> _Your goal_:
With all pictures excluded, restate the records that follow exactly as written.
-------
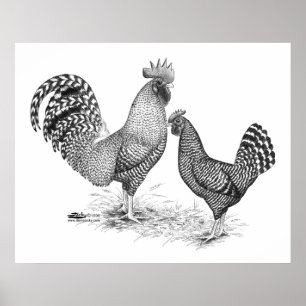 California Grey Rooster en Hen Poster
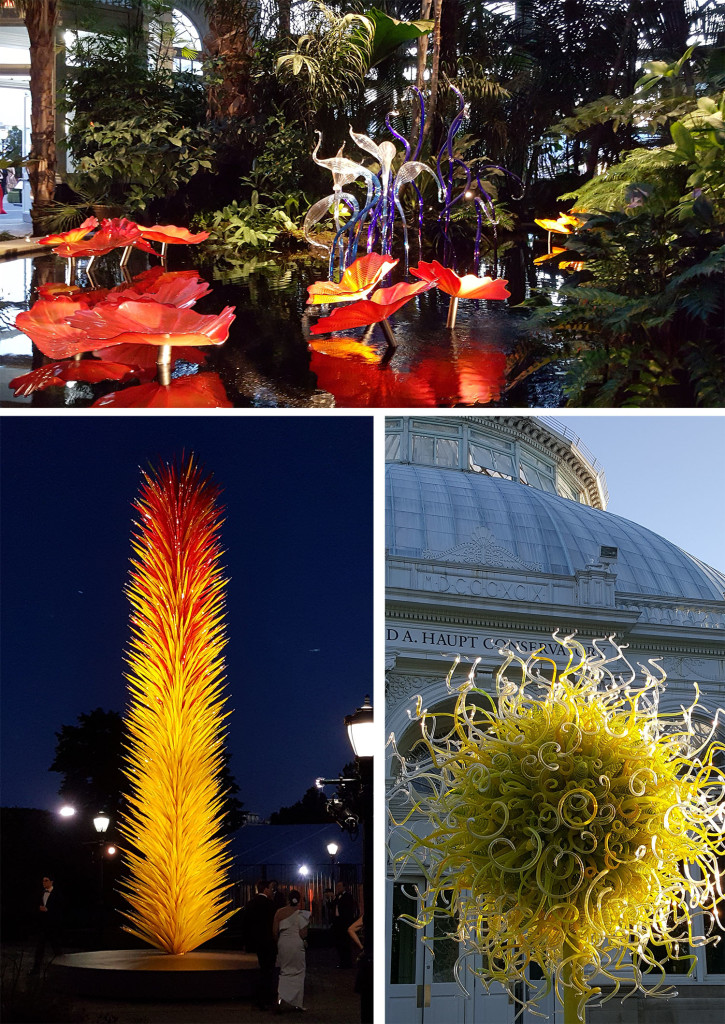 chihuly_all_small2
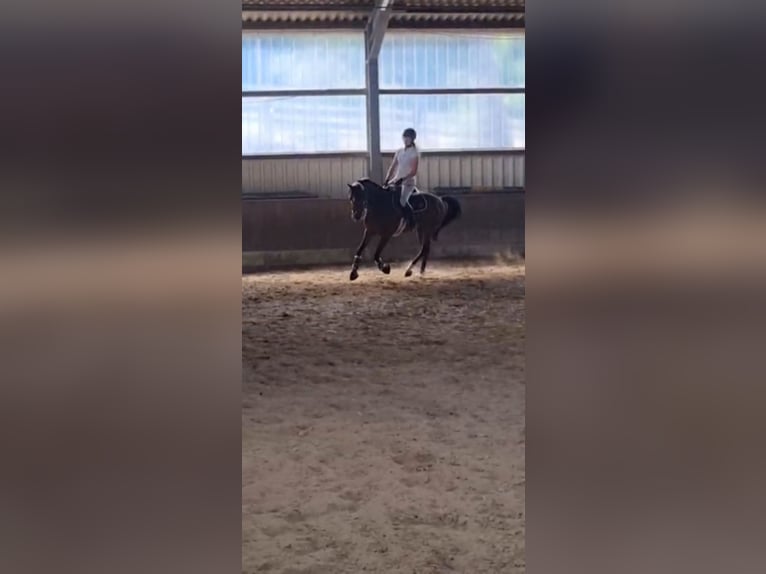 German Riding Pony Gelding 11 years 14,2 hh Brown in Winsen (Aller) German Riding Pony Gelding 11 years 14,2 hh Brown in Winsen (Aller)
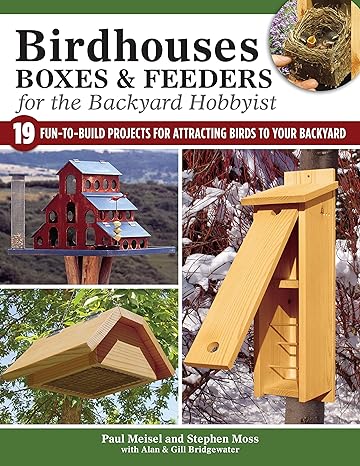 Mini Wood Bird Houses for DIY Crafts (4 Designs, 8 Count)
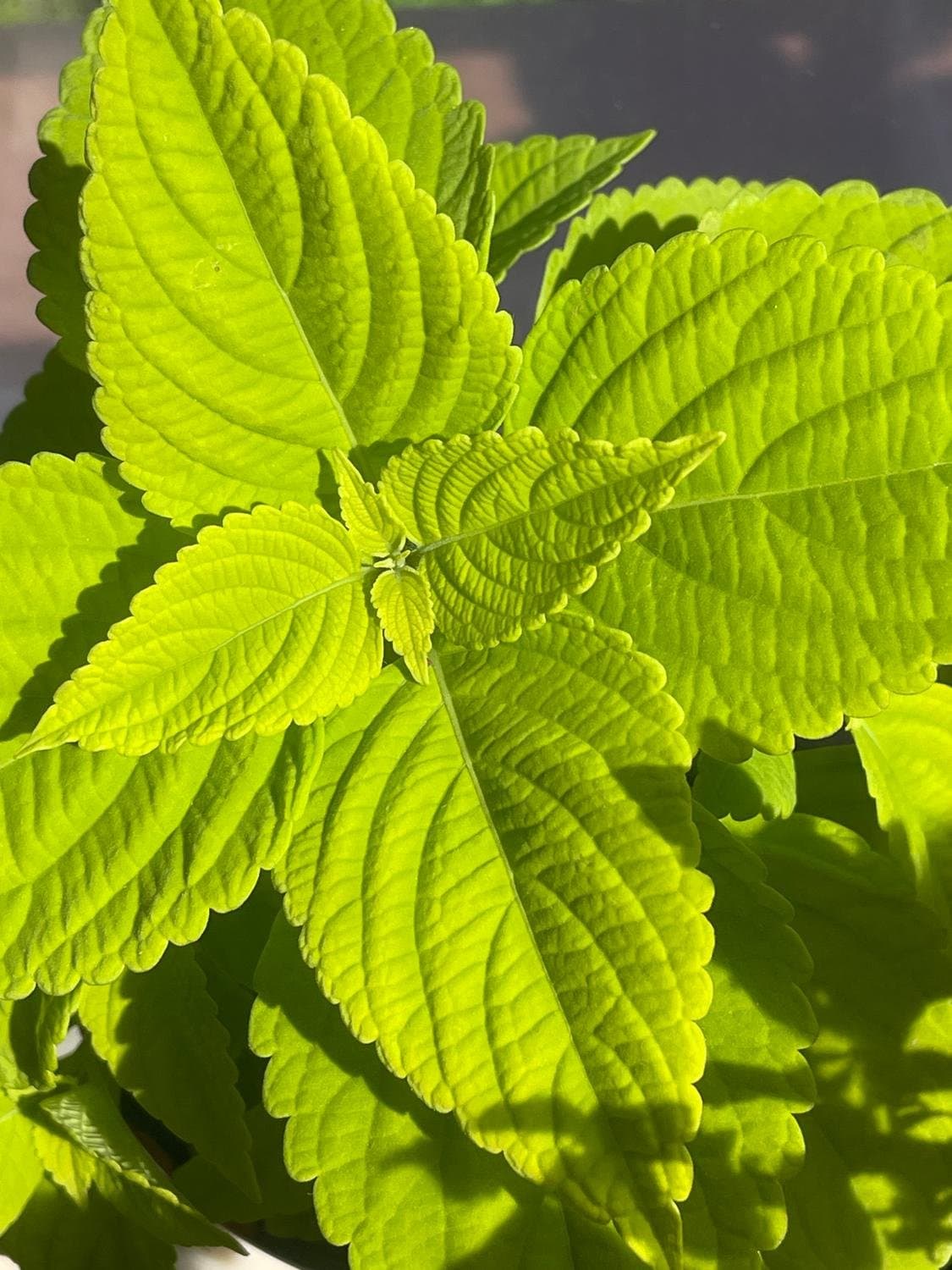Coleus, Palettblad Premium Sun Lime Delight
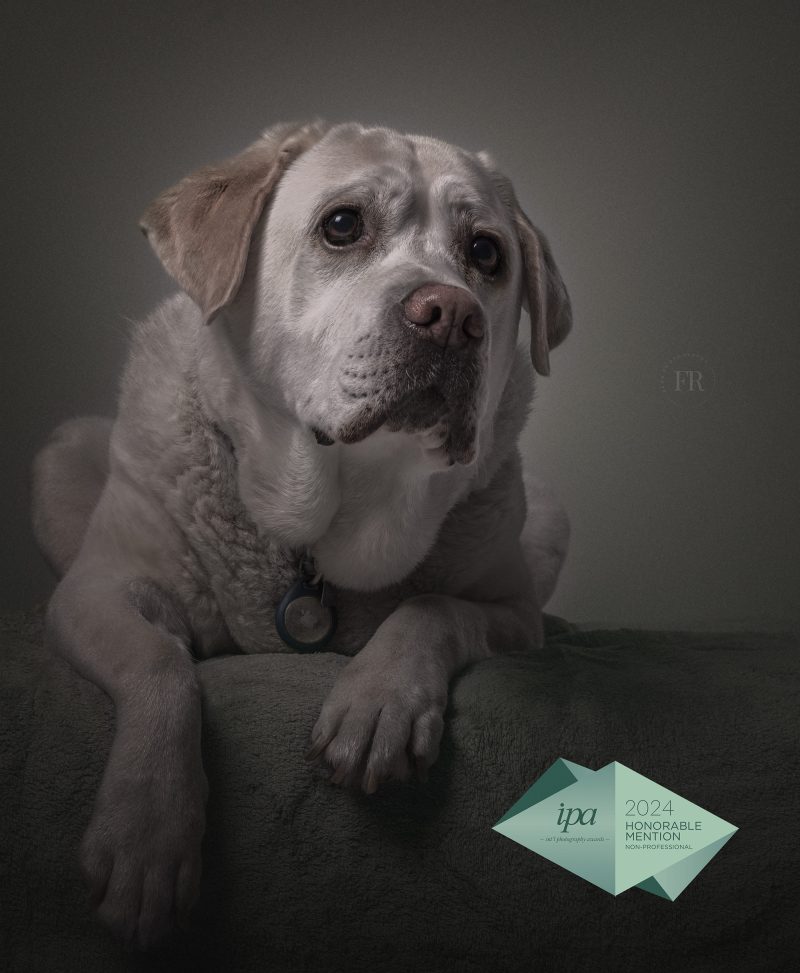 Labrador ritratto menzione d'onore IPA 2024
-------
> _Answer to this problem_:
 California Grey Rooster en Hen Poster
 chihuly_all_small2
 German Riding Pony Gelding 11 years 14,2 hh Brown in Winsen (Aller) German Riding Pony Gelding 11 years 14,2 hh Brown in Winsen (Aller)
 Mini Wood Bird Houses for DIY Crafts (4 Designs, 8 Count)
Coleus, Palettblad Premium Sun Lime Delight
 Labrador ritratto menzione d'onore IPA 2024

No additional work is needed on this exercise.